Could it get any worse for this city's pro football fans?
Their team is winless through 10 games.
Players are pointing fingers at one another and at their coach.
The coach, Dave Shula, has called the Bengals the worst team in franchise history. Running back Harold Green, in turn, has questioned Shula's "skills and mentality."
But yes, it could get worse.
After suffering through all these losses, the city could suffer still another--the loss of the team itself.
Bengal management, unhappy with Riverfront Stadium, wants a new lease and stadium renovations and, in the best-case scenario, a new stadium. Total estimated cost: $150 million.
If not, Baltimore is starting to look better and better.

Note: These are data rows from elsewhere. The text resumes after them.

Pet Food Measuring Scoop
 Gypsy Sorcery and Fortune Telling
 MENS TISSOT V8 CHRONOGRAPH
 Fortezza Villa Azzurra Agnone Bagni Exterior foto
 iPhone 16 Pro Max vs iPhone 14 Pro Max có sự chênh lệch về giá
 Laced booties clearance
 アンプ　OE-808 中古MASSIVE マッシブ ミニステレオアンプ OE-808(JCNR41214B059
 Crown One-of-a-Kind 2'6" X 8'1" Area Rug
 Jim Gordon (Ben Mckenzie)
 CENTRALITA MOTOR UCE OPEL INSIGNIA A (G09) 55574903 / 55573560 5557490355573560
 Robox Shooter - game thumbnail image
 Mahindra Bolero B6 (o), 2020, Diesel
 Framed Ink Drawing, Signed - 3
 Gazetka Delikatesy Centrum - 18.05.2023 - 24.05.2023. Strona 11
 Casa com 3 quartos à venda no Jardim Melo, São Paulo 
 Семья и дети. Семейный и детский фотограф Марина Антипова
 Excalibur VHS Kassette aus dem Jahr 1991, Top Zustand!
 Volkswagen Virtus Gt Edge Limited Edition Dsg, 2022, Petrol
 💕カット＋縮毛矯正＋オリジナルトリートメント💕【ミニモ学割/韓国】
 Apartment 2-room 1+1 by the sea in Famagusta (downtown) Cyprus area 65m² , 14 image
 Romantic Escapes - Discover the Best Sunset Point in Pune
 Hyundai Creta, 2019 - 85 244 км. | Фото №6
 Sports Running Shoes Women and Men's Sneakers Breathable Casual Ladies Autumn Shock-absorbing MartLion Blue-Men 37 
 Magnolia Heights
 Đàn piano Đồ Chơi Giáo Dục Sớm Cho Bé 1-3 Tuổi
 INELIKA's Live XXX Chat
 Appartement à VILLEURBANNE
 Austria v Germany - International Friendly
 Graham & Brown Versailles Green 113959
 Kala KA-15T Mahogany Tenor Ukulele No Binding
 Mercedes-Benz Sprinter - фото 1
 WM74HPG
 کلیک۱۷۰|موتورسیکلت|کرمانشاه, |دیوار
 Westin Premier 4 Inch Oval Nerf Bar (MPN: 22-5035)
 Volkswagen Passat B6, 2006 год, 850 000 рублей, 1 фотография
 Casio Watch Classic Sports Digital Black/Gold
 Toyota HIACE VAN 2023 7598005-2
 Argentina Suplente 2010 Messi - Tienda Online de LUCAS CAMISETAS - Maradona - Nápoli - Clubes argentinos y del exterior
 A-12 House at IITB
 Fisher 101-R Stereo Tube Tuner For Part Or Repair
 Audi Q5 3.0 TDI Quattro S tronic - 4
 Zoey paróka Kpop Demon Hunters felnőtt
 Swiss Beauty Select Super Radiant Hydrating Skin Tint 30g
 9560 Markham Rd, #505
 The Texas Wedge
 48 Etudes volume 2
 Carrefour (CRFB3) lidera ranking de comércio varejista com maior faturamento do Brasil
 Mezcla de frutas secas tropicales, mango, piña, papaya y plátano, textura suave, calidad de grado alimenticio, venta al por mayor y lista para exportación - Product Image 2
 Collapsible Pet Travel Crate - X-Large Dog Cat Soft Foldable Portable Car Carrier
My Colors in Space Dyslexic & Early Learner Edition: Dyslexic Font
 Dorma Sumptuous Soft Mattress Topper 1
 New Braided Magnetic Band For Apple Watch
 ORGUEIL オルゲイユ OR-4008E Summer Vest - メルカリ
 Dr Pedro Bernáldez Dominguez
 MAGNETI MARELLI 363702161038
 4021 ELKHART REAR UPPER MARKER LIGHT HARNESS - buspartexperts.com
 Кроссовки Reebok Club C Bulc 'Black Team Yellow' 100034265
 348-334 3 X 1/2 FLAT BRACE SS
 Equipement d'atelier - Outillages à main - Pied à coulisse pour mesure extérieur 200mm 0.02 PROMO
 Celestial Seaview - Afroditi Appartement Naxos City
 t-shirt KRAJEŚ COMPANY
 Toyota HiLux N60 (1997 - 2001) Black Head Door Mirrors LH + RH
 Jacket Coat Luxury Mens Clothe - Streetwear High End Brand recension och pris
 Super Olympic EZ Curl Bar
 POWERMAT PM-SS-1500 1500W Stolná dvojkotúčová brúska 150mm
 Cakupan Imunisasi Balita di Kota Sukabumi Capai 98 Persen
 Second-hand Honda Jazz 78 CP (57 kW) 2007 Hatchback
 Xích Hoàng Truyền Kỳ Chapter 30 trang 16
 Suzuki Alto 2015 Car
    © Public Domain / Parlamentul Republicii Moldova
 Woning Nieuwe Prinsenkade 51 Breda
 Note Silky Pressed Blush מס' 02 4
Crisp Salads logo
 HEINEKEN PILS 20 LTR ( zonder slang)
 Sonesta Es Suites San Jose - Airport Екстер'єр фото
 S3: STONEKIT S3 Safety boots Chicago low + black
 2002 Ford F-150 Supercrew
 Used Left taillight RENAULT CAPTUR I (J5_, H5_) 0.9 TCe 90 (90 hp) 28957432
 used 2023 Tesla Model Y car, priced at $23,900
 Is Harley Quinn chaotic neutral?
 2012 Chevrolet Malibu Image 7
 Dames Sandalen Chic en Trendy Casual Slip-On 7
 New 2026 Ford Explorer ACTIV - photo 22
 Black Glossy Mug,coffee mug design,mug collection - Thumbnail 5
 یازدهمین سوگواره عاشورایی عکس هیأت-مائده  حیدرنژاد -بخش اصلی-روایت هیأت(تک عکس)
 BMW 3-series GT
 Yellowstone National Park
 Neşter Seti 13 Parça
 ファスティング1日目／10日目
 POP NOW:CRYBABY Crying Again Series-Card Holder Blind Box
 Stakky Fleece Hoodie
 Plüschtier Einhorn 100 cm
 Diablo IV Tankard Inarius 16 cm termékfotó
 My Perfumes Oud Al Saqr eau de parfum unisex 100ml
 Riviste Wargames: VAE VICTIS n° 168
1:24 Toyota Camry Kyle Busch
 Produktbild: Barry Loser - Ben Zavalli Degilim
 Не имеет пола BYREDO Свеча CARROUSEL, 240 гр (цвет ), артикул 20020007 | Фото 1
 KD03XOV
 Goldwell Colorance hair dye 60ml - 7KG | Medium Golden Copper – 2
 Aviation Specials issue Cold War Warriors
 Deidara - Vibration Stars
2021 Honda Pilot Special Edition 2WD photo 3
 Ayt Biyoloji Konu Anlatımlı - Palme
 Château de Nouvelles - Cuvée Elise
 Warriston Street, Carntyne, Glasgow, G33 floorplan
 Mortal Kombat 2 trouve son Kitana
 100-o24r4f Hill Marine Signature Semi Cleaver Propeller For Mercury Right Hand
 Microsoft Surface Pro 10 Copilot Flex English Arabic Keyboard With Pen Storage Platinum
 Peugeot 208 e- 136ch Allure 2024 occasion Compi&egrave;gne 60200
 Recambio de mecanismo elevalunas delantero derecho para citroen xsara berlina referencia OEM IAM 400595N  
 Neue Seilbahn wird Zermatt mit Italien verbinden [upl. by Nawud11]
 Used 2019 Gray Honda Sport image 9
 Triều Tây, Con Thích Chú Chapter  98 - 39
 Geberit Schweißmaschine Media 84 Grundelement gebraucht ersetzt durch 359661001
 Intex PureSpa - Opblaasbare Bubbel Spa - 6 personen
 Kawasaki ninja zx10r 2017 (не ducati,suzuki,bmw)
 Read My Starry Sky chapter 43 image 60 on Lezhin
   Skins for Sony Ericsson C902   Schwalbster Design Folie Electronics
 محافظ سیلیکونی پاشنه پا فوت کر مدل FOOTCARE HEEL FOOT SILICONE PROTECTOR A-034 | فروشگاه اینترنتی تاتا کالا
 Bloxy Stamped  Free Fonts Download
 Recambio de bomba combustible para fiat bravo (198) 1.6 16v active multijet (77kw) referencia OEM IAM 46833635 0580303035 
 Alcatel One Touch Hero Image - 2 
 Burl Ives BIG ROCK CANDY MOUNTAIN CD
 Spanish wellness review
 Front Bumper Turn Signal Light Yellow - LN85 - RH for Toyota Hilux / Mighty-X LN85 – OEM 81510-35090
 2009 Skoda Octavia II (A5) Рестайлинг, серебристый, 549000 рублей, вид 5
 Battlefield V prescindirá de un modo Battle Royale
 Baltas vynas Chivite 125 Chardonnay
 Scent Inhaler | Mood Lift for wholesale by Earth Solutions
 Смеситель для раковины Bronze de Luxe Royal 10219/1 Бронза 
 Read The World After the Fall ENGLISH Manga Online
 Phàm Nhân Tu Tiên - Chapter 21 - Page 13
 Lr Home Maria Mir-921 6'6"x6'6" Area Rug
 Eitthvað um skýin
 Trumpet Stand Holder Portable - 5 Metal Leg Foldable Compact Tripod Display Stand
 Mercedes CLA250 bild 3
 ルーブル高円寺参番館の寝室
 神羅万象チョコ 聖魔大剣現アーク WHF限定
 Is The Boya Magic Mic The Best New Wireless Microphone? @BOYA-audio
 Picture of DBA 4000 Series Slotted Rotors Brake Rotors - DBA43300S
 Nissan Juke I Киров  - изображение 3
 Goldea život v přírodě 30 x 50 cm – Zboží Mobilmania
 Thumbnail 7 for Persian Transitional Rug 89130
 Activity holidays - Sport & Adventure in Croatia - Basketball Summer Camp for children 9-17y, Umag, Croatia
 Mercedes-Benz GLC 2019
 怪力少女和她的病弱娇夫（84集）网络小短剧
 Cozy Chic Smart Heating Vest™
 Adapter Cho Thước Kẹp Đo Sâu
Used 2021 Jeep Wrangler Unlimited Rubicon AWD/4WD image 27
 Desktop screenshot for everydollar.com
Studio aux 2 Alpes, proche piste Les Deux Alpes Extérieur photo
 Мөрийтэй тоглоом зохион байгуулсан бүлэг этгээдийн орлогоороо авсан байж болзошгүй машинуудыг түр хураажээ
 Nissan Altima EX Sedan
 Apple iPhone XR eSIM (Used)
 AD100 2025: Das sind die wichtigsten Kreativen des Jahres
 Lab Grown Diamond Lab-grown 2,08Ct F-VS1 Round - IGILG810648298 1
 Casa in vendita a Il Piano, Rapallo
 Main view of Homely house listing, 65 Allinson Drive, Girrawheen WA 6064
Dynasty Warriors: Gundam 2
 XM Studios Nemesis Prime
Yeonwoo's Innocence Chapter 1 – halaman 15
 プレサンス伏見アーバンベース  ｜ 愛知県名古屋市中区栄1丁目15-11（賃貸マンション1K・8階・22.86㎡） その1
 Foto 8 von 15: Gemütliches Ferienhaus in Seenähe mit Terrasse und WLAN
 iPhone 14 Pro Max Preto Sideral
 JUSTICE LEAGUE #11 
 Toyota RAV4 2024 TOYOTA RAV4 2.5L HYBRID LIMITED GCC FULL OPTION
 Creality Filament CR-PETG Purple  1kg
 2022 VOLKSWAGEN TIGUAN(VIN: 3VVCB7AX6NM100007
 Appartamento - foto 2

At first glance, it might appear this is the next-best thing to a bye week for the Raiders (6-4).
Cincinnati is last in the NFL in total offense with an average of 241.9 yards. With a 61.6 quarterback rating, Bengal quarterback David Klingler is ahead of only the Indianapolis Colts' Jack Trudeau and the San Diego Chargers' Stan Humphries in the AFC.
Klingler's rating doesn't figure to go up today against the top-ranked pass defense in the league. The Raiders' are giving up an average of only 147.3 yards through the air.
But all Raider Coach Art Shell has to do to motivate his team for the game is a flick of the wrist to start his movie projector.
The feature film this week at the Raiders' El Segundo training headquarters was last season's Bengal victory over the Raiders in Cincinnati, one of only five games the Bengals won all year. The Raiders lost in overtime after fumbling the overtime kickoff.
If Shell wants to provide further motivation, he might also show the film of last weekend's game. The Raiders dominated the Chargers, holding onto the ball for slightly less than 42 of the 60 minutes, but failed to get into the end zone, winning on Jeff Jaeger's four field goals, 12-7.
That is the crisis of the moment for the Raiders, whose season might best be symbolized by a leaky roof: Plug up one hole and another opens.
First, there was a running game stuck in neutral. The Raiders tried different combinations after injured tailback Nick Bell had tried their patience as they waited and waited for him to get better. Finally, they banished Bell to special teams.
Building their running game around rookie Greg Robinson, who has gained both confidence and yardage in impressive amounts in recent weeks, the Raiders have broken through and gained more than 100 yards on the ground in each of their last three games.
Then there was the matter of those miserable second-half performances. The Raiders couldn't seem to hold a lead, getting outscored in the second halves of their first nine games, 113-58. But last week, they held off the Chargers, successfully protecting a lead.
Now, it's the offense. The Raiders have scored only three touchdowns in their last three games.
The Bengals, however, have scored only one touchdown in their last two games and only 10 all season.
It's a young team. The coach is only 34. There are 16 rookies on the Cincinnati roster and 30 players with two years' experience or less.
Their prime need is leadership and they haven't always gotten it.
When the Bengals lost to the Houston Oilers two weeks ago, 38-3, Cincinnati offensive tackle Joe Walter, a nine-year veteran, accused several fellow veterans of laughing on the sidelines when the score reached 21-0.
Klingler, however, is not laughing.
He sees this agonizing season as a test of character for himself and his teammates.
"Who's going to hang in there?" he said. "Who's going to fold up the tent and go home? How are you going to react when times are not good?"
Losses on the field, laughing on the sidelines and finger-pointing in the locker room.
They haven't reacted well.
Running back Napoleon McCallum underwent an emergency appendectomy in Cincinnati on Saturday and will be sidelined indefinitely.